深度学习之MiniBatch

版权声明:博客为作者平时学习备忘,参考资料已在文尾列出一并表示感谢。如若转载,请列明出处。 https://blog.csdn.net/woai8339/article/details/83473558

本文是Udacity的课程学习笔记,记录以备后忘:
我们先来看一个引子:
      Mini-batching在这一节,你将了解什么是 mini-batching,以及如何在 TensorFlow 里应用它。

Mini-batching 是一个一次训练数据集的一小部分,而不是整个训练集的技术。它可以使内存较小、不能同时训练整个数据集的电脑也可以训练模型。

Mini-batching 从运算角度来说是低效的,因为你不能在所有样本中计算 loss。但是这点小代价也比根本不能运行模型要划算。

它跟随机梯度下降(SGD)结合在一起用也很有帮助。方法是在每一代训练之前,对数据进行随机混洗,然后创建 mini-batches,对每一个 mini-batch,用梯度下降训练网络权重。因为这些 batches 是随机的,你其实是在对每个 batch 做随机梯度下降(SGD)。

from tensorflow.examples.tutorials.mnist import input_data
import tensorflow as tf

n_input = 784  # MNIST data input (img shape: 28*28)
n_classes = 10  # MNIST total classes (0-9 digits)

# Import MNIST data
mnist = input_data.read_data_sets('/datasets/ud730/mnist', one_hot=True)

# The features are already scaled and the data is shuffled
train_features = mnist.train.images
test_features = mnist.test.images

train_labels = mnist.train.labels.astype(np.float32)
test_labels = mnist.test.labels.astype(np.float32)

# Weights & bias
weights = tf.Variable(tf.random_normal([n_input, n_classes]))
bias = tf.Variable(tf.random_normal([n_classes]))

问题1

计算 train_features,train_labels,weights, 和 bias 分别占用了多少字节(byte)的内存。可以忽略头部空间,只需要计算实际需要多少内存来存储数据。

train_features Shape: (55000, 784) Type: float32
train_labels Shape: (55000, 10) Type: float32
weights Shape: (784, 10) Type: float32
bias Shape: (10,) Type: float32

train_features占用多少字节内存?
一个float328位, 4位。
55000*784*4 = 172480000

输入、权重和偏置项总共的内存空间需求是 174MB,并不是太多。你可以在 CPUGPU 上训练整个数据集。

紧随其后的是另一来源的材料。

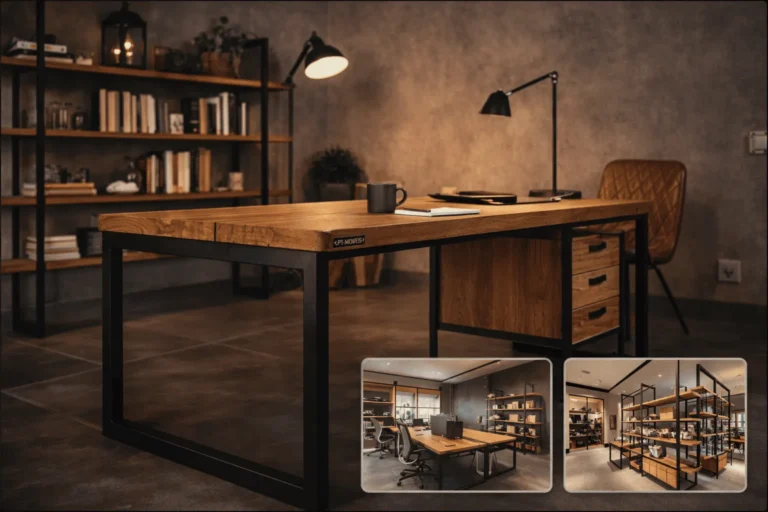 Mesa de escritório em estilo industrial com tampo de madeira clara e pés de metal preto. Ao fundo, uma estante de metal com livros e luminárias de braço articulado iluminando o ambiente de tons cinza. No canto inferior, duas fotos menores mostram variações do mobiliário em espaços maiores. Móveis Industriais em Metal e Madeira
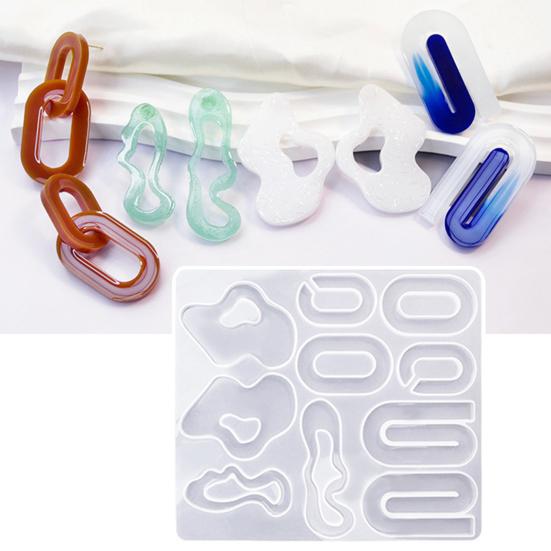 Jewelry Mold Multiple Non-Stick Easily Shapes Demoulding Silicone Geometric Earrings Pendant Mold Handmade
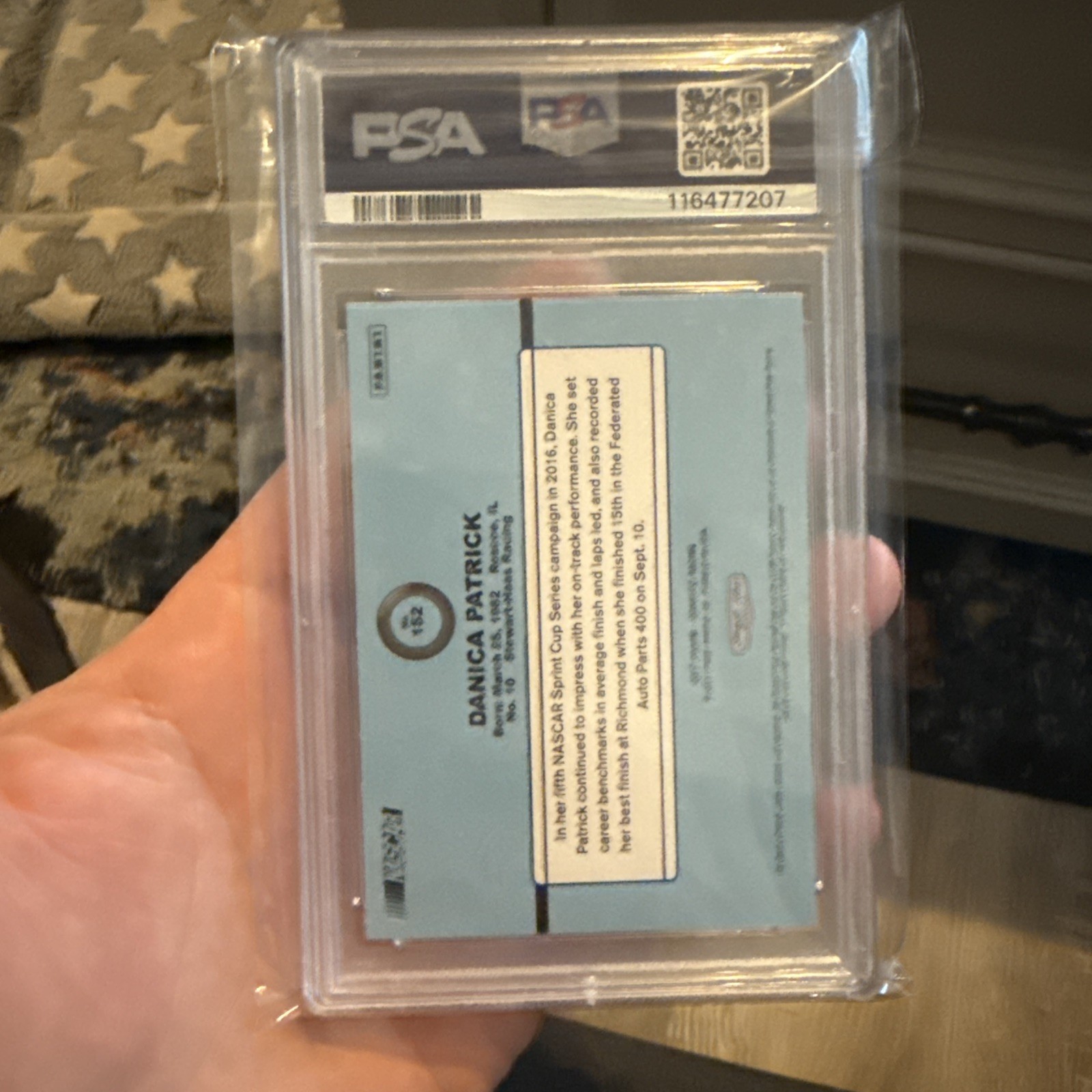 2017 Donruss Racing Danica Patrick #152 PSA 5 view 2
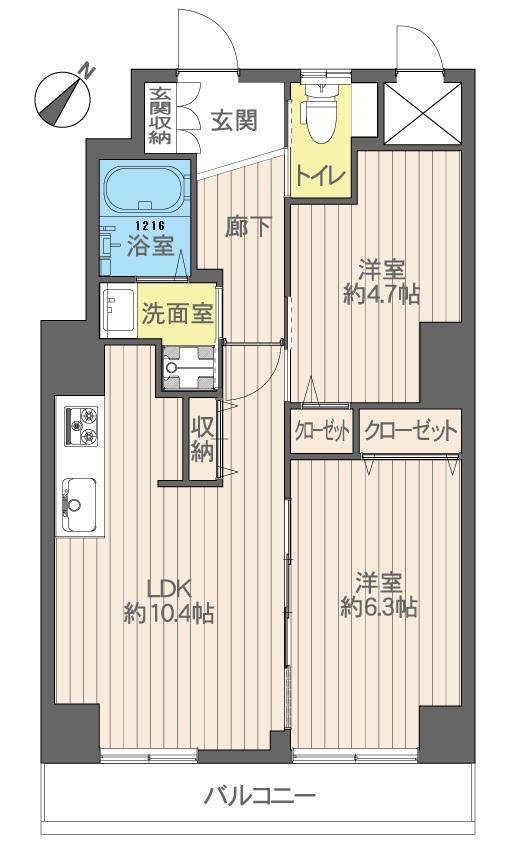 Floor plan. 2LDK, Price 12 million yen, Occupied area 51.82 sq m , Balcony area 5.8 sq m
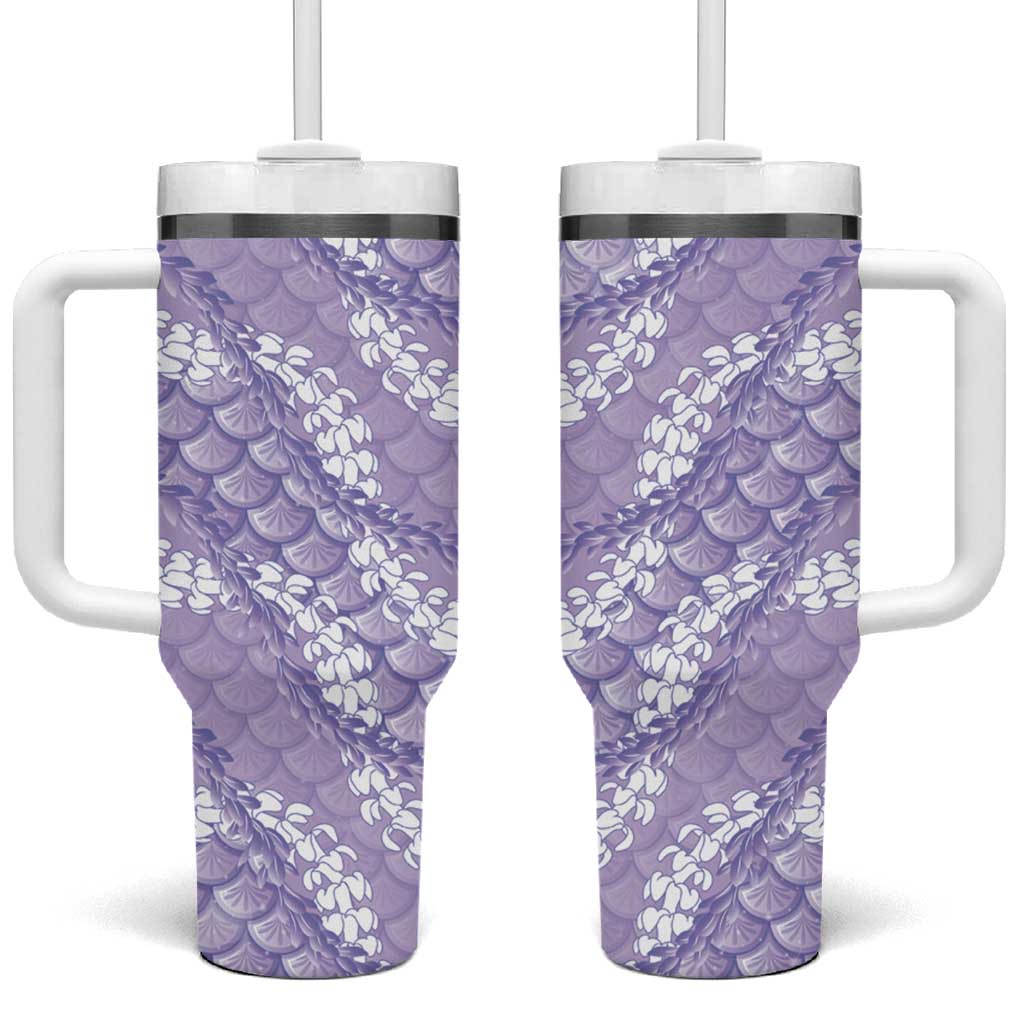 Lilac Mermaid Puakenikeni Maile Lei Tumbler With Handle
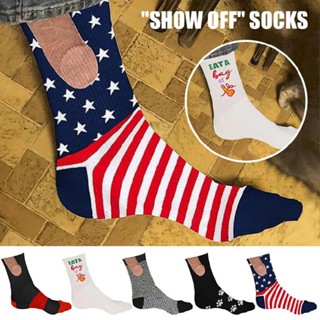 Funny Pattern Casual Socks Cotton Show Off Socks for Men Women Novelty Gifts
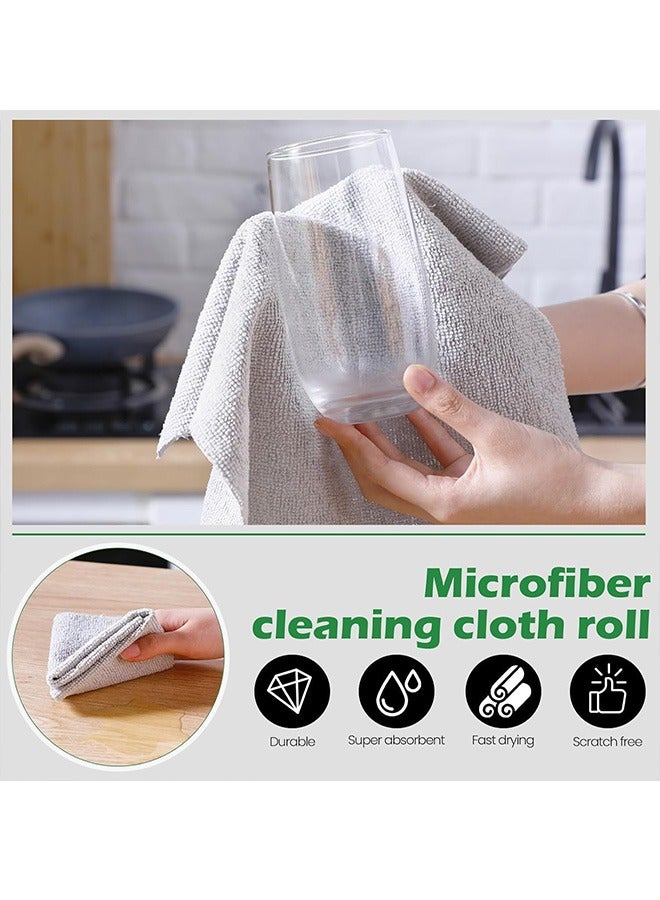 50 Pack Thickened Microfiber Cleaning Cloth Roll Tear Away Towels 12 x 12 inch Reusable Kitchen Towels Microfiber Towels Roll Dishcloths Reusable Washable Rags for Car, House, Kitchen, Garage, Wet - Image 4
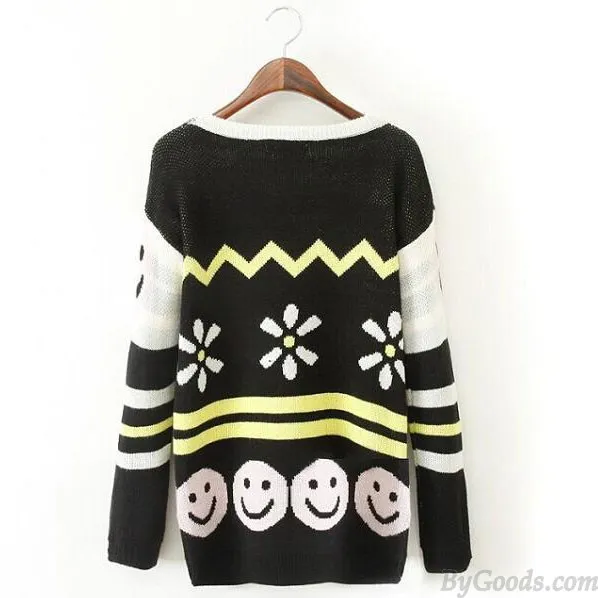 Smile Face Long Sleeve Loose Slim Sweater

但将来你要用到的数据集可能是以 G 来衡量,甚至更多。你可以买更多的内存,但是会很贵。例如一个 12GB 显存容量的 Titan X GPU 会超过 1000 美金。所以,为了在你自己机器上运行大模型,你需要学会用 mini-batching

让我们看下如何在 TensorFlow 下实现 mini-batching

让我们看看你的机器能否训练出 MNIST 数据集的权重和偏置项。

TensorFlow Mini-batching

要使用 mini-batching,你首先要把你的数据集分成 batch

不幸的是,有时候不可能把数据完全分割成相同数量的 batch。例如有 1000 个数据点,你想每个 batch128 个数据。但是 1000 无法被 128 整除。你得到的结果是其中 7batch128 个数据点,一个 batch104 个数据点。(7*128 + 1*104 = 1000)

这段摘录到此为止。